Bolder, more empowered and increasingly independent, gone are the days where the only Chinese travelers you see were group tours. Chinese travelers are complex and diverse, although group tours remain important.
Today we’re seeing for example, a shift from observation to participation – a growing desire to seek once-in-a-lifetime experiences and immersion in local culture rather than just ticking ‘must-see’ landmarks off a list.
Also on the rise is a rejection of brands attempting to silo them into demographic groups of age and income.
Amadeus' Future Traveler Tribes research identified six traveler tribes based on psychographic traits – such as lifestyle, needs, aspirations, behaviours – that will shape the landscape of travel between now and 2030.
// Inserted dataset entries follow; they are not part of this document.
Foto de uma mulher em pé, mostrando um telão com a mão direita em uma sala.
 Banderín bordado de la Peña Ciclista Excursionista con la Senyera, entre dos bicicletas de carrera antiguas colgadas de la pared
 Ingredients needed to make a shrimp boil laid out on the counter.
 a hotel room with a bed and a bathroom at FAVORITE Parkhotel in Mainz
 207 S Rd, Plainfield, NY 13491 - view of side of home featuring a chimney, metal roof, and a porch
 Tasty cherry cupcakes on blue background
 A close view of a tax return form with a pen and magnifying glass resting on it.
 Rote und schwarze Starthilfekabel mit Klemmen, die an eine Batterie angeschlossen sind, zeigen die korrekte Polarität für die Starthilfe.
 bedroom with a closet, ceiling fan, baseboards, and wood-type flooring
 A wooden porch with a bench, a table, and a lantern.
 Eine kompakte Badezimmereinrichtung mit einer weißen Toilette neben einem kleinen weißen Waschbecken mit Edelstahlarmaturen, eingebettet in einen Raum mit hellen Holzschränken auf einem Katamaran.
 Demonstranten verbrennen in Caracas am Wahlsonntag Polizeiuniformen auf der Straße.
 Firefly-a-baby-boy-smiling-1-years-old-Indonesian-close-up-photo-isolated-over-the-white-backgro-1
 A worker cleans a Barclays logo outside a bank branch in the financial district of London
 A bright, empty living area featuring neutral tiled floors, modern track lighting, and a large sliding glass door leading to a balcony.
Out of those, we believe we will see more and more of three tribes in particular among Chinese travelers:
Travelers who will look at holidays as a chance to immerse themselves in an alien culture, where enjoyment of the break depends on the authenticity of the activities. Many of these will be young, travelling independently.
Travelers who want to avoid managing too many trip details themselves. They may look for bundled activities with a reasonable price tag from a trusted travel agency. These would be represented by the traditional tour group travelers, which we believe will continue to be an important Chinese market.
Travelers interested in a more indulgent form of travel. They see travel as a return on their hard earned investment of time and energy in their working lives and crave a premium experience. These are otherwise known as the luxury travel segment in China, which our research shows will grow at 12.2% annually over the next decade.
Old assumptions of what Chinese travelers want from their trips to how they plan it, who they go with and how they talk about the journey after, need to be reconsidered. This will be the biggest challenge for the industry – to facilitate this “Journey of ME” for millions – if not tens of millions – of Chinese outbound travelers.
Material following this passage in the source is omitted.